Each of these two schools of thought, the people who emphasise assurance and those who emphasise warning, tend to focus only on the verses which support their view.  They often ignore anything that doesn’t suit them.  There is something about human nature which causes us to zoom in on what we agree with and to ignore those things which contradict us or which make our position more complicated.

However, I would like to suggest that the right approach is to take seriously both the assurance passages and the warning passages.  Both are true.  They each need to be believed and understood in their proper context and then held, side by side, in a healthy tension.  Let’s now look at each position again and try to define them more clearly.  Let’s also look at how they can, and must, be fitted alongside each other simultaneously:

Assurance of salvation

When I first started out as a Christian it was really important to me to find reassurance that I had got eternal life.  I wanted to be certain that I wasn’t going to lose it due to my own failure to stay the course, or by not being faithful enough to Jesus.  I had a deep fear of God’s judgment and of going to the Lake of Fire. So, I wanted to be able to know, not just to hope, that I would never go there.  Even the thought of one day going to the Lake of Fire horrified me. It should horrify all of us.

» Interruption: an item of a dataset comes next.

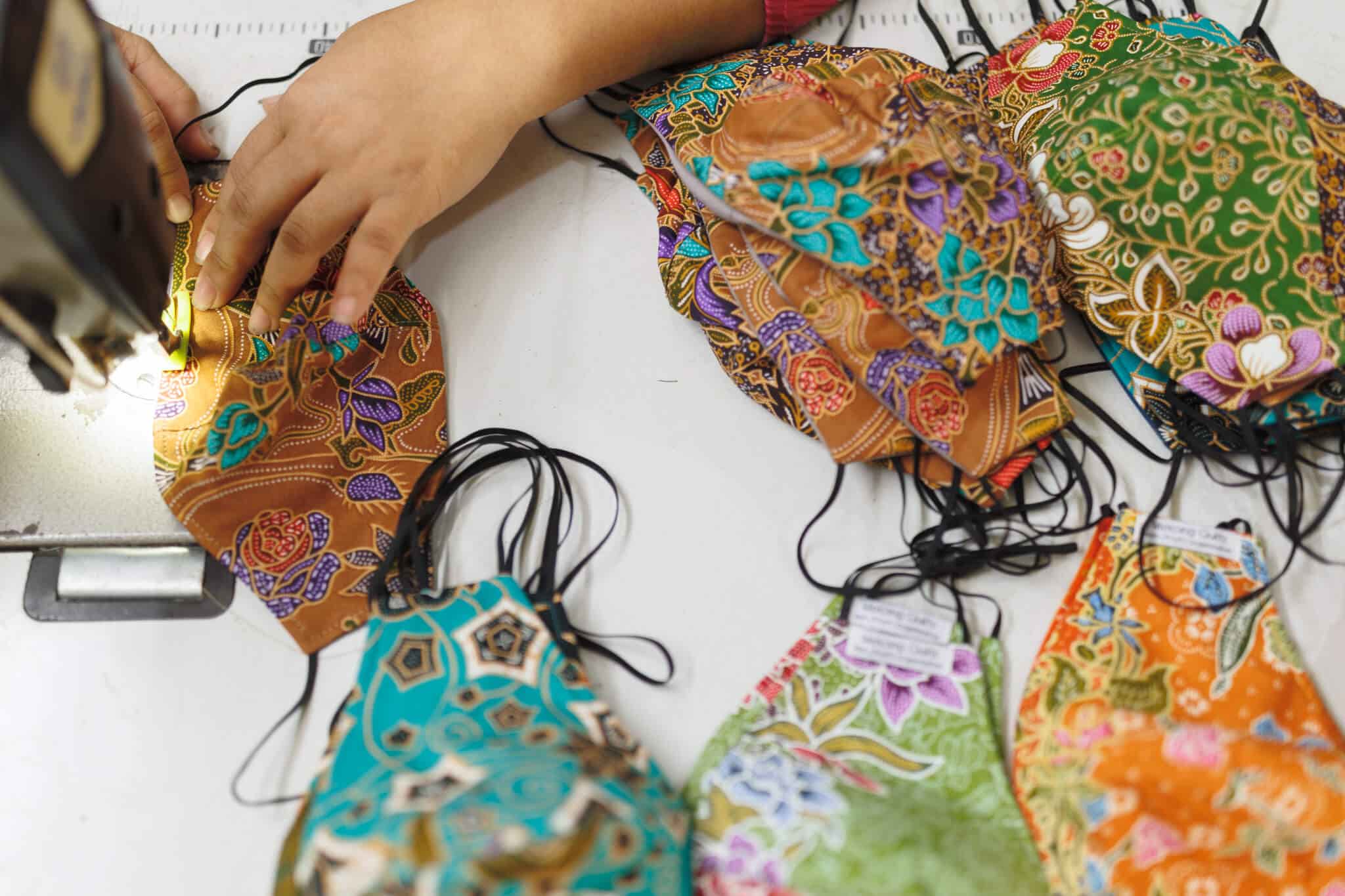 Handmade batik-print masks on a table.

So, to someone like me, the various assurance passages were of great importance.  I underlined and memorised them.  I also felt that, as a matter of logic, if I had ‘eternal‘ life now, then how could it come to an end for any reason?  It seemed to be a contradiction in terms for something which, at the moment, is classed as ‘eternal’ to be able to come to an end at all, for any reason.  Likewise, if I was already justified, how could I cease to be so? 

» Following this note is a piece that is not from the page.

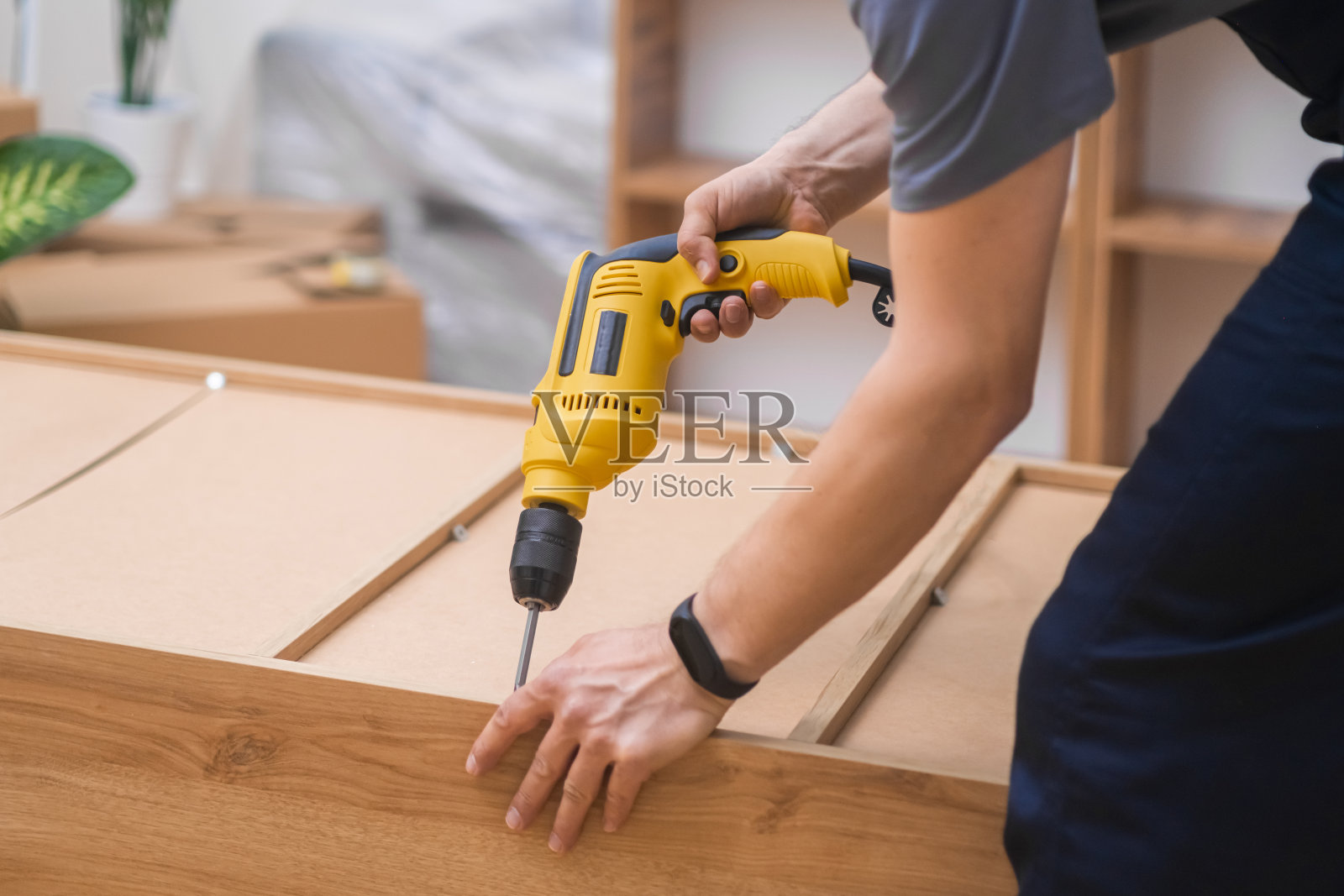 家具采用优质木质材料组装工艺，木匠使用电动螺丝刀照片摄影图片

Surely, if the promise of ‘eternal’. life meant anything, it seemed to me, logically, that it must be permanent.  I also felt it ought not to be dependent on my ongoing faithfulness and avoidance of sin  However,  I still wondered, what would happen if I did sin in a major way?  What if I was to let Jesus down or even deny Him under pressure?  Would I then be lost?  Would I cease to be forgiven and justified?  If so, then it seemed to me that I would surely be walking on thin ice throughout my whole life, hoping not to let Him down or lose His approval, but always wondering whether I would.

However, even as a new believer, I understood the gospel well enough to know that that isn’t how God operates.  I knew that my going to Heaven was not dependent on my complete avoidance of sin, at all times, because that would be impossible anyway.  I knew that if I was justified and forgiven at all, it was because Jesus had died for me, in my place, not because of me constantly avoiding or reducing sin in my life.  I could see that such an obligation, if it was true, would make me responsible for my own salvation.  I would be like a hamster on a wheel, always afraid to stop working in case I lost my eternal life.

So, the assurance passages really helped me personally.  They are in the Bible largely for the benefit of people who are sincere and anxious for reassurance.  They are most meaningful to those who have a strong sense of the fear of the Lord.  For such people, these assurance passages are a precious source of comfort.